Jeremy Borash (born July 19, 1974), is an American professional wrestling play-by-play commentator, announcer, ring announcer, booker, interviewer, and producer,  who was recently signed to WWE. He is known for his work in Impact Wrestling as a multifaceted staff member since the company's inception in 2002 until his departure in 2018. In March 2017, he was appointed as the lead play by play commentator for Impact Wrestling after being mentored by Mike Tenay for many years.

Borash was involved in the now defunct World Championship Wrestling and World Wrestling All-Stars promotions. His most recent title was being a member of the Impact Wrestling broadcast team, as well as a backstage interviewer and member of the Impact creative team. He has also been the host of Impact Wrestling online content such as TNA Today in 2012 and TNA Xplosion in the UK on Challenge TV from 2011-2017.

Radio career
Jeremy Borash was born just outside Minneapolis. Borash started a career in broadcasting at the age of 15, hosting both a nightly radio talk show and live television show in the Twin Cities. Borash's radio show on KSMM in Minneapolis, and television show Jeremy Borash Live! won several Minnesota broadcasting awards, as well as leading to on-air positions at KSTP and KDWB in the Twin Cities.

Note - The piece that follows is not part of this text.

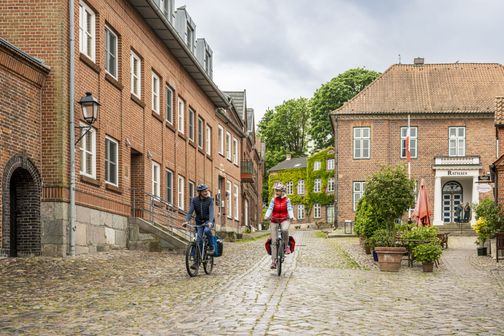 Radreisende fahren entlng des Plöner Rathauses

After graduating from Brown Institute for Broadcasting in Minneapolis, Borash took a position at the age of 19 as a program director/morning show host at KOOL 92 FM in Fort Dodge, Iowa. His popular Borash in the Morning show featured a wide variety of entertainment, including such acts as actually hypnotizing local politicians on the air, skydiving from 13,000 feet over Fort Dodge, and his popular breakfast drive through, where Borash would personally deliver free breakfast to his listeners cars as they drove by. His involvement in local community activities included serving on the board of the United Way, as well as Honorary Chairman for the March of Dimes, which received national attention when Borash became the youngest person ever nominated for radio's prestigious Marconi Award for Broadcasting as America's Small Market Personality of the Year in 1996.

Upon receiving this honor, offers came from around the country, and Borash chose to move back to Minnesota, as morning show host of KXLP in Mankato, Minnesota. At 22, Borash lasted only four months in Mankato, citing major creative differences with management after a New York radio consultant directed the station to name his on-air persona "Flash Borash." Borash soon found redemption months later, as he helped launch the syndicated Ruth Koscielak Show, and as co-host, was back on the very station group he was fired from months earlier through the show's midwest syndication. Borash returned to a radio show format as host of the Impact Wrestling Podcast with TNA Knockout Christy Hemme.

Professional wrestling career

Early career
While working weekdays on the Koscielak show in Minneapolis, Borash started a weekly Saturday morning wrestling show at the very station he started with at the age of 15. Through the show, Borash met internet wrestling executive Bob Ryder, who quickly pitched the show concept to Eric Bischoff of Ted Turner's World Championship Wrestling (WCW).

World Championship Wrestling (1999–2001)
In March 1999, WCW Live! premiered to an online audience with their first guest on the show, Hollywood Hogan. WCW Live! went on to become the most listened to streaming audio program in the world, often reaching fifty thousand live audio streams nightly in an era of this new technology. While doing the nightly two hour internet show for WCW, Borash continued his stint on the Ruth Koscielak Show until August 1999, when he left Minneapolis to work full-time in the offices of WCW in Atlanta, where he went on to become one of the head writers for WCW Monday Nitro on TNT, as well as WCW Thunder on TBS.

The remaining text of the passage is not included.